→ **Exercise description**:
The answer should hold every line of the listing, unchanged and free of images.

→ **Supplied information**:
......
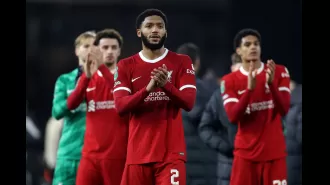 Manager Klopp praises Gomez for his crucial role in Liverpool's Carabao Cup final qualification.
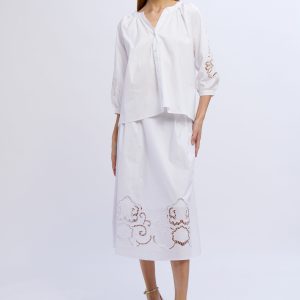 Gonna lunga cotone con inserto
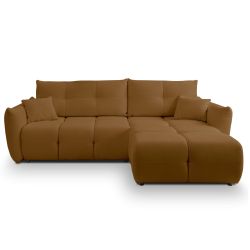 Canapé d'angle convertible et réversible COMO 4 places tissu chenille cognac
......
→ **Written response**:
 Manager Klopp praises Gomez for his crucial role in Liverpool's Carabao Cup final qualification.
 Gonna lunga cotone con inserto
 Canapé d'angle convertible et réversible COMO 4 places tissu chenille cognac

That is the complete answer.